If you have ever seen Disney’s Dumbo, you have seen the bizarre intoxication segment entitled “Pink Elephants on Parade.” Dumbo and Timothy Mouse share a hallucination of pink elephants (and “technicolor pachyderms”) performing amazing yet impossible stunts. Later as they were sleeping off their hangovers in a tree, a group of crows laugh at Timothy’s muttering of pink elephants. I offer Dumbo’s pink elephants as a means of thinking about Brummet’s pink elephants intersubjective process and Cherwitz/Hikins’ perspectivism as well as determine why avoiding solipsism is important to the rhetor (and poet!).

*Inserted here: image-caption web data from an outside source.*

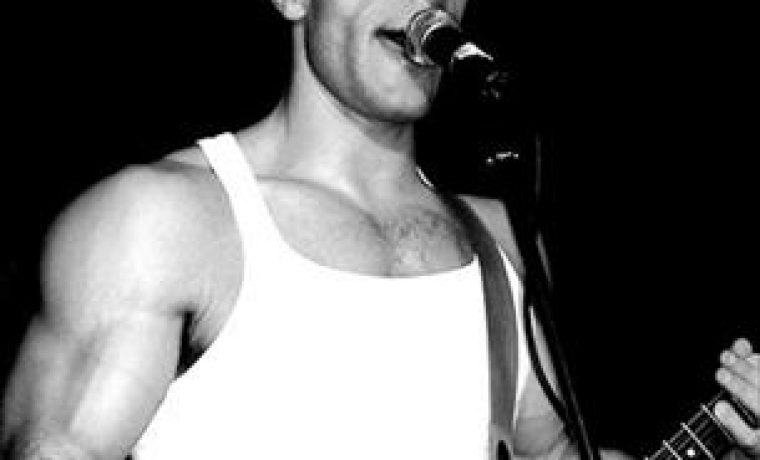 BOBO1_thumb_1265186473.jpg Foto: Slobodna Dalmacija
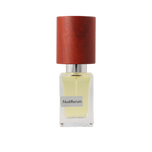 NUDIFLORUM extrait de parfum 30 ml
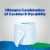 Kroger® Soft & Strong Mega Roll Toilet Paper Perspective: left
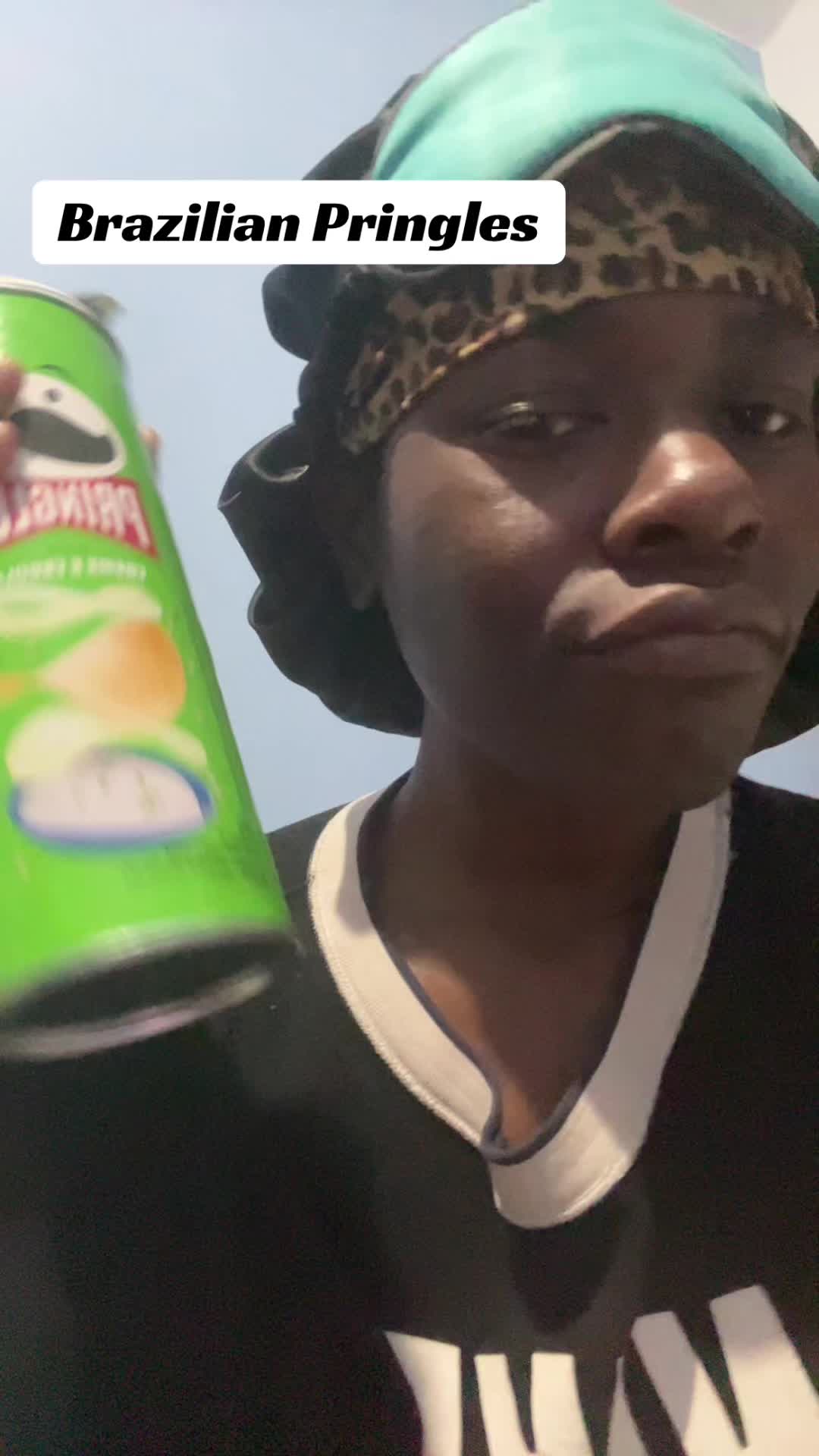@wedrinkwine_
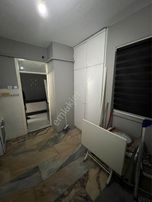 Samsun Çiflik Caddesinde 4+1 Kiralık Daire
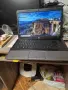 Промоция лаптоп HP-650 цена 60 евро, снимка 1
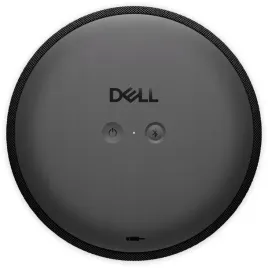 bezprzewodowy-glosnik-konferencyjny-dell-pro-plus-sl525-8w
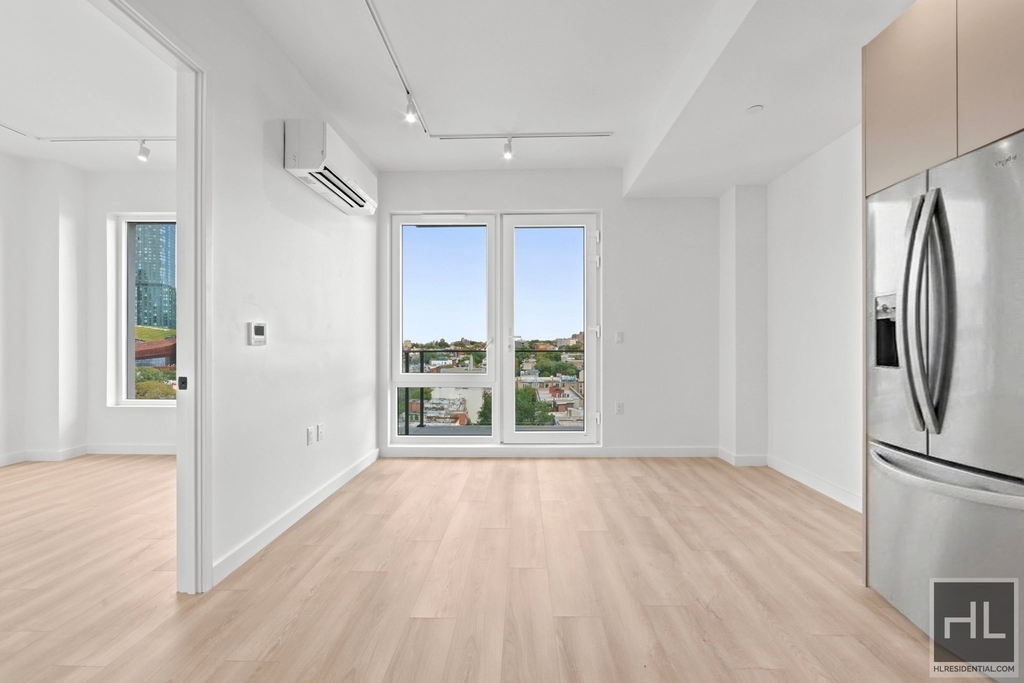 St Marks Place - Photo 3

Brummet’s intersubjective process is a participatory promotion of reality constructed by an exchange of meaning among humans, i.e., meaning-makers. Context determines meaning; meaning is based on agreement; agreement establishes certainty; and certainty measures truth. Brummet suggests “Intersubjectivity holds that the discovery of reality and the testing of it is never independent of people but takes place through people. Yet this reality is found through communication between people” (30). The solipsist does not fit into this model of meaning-making because he does not participate in the process of exchange to construct reality. Rather, the source of meaning for the solipsist is himself. Had Timothy Mouse been a solipsist, he would not have asked Dumbo if he is also experiencing the sight of pink elephants because Dumbo’s mind does not exist outside of Timothy’s mind’s projection of it. Asking would involve verification of truth, an inquiry of agreement, to determine “the extent to which the meanings of experience (that is to say, reality) of that individual are shared by significant others” (34). Brummet’s intersubjectivity counters solipsism because it forces meaning-makers to exchange meanings in a process to realize reality and discover truth.
Cherwitz/Hikins do not agree with Brummet about the value of intersubjectivity in understanding reality, but they do agree with him that solipsism is unproductive and should be avoided. However, they criticize intersubjectivity as being inherently solipsistic because of its construction of reality:
“And if humans have the capacity to create reality through meaning, who is to say that this activity is not done purely subjectively, the notion of ‘other minds’ being an elaborate conceptual illusion . . . ? Moreover, who is to say there is not just one mind, the mind of the thinker, everyone else merely appearing to have an intellect?” (Cherwitz and Hikins, 254)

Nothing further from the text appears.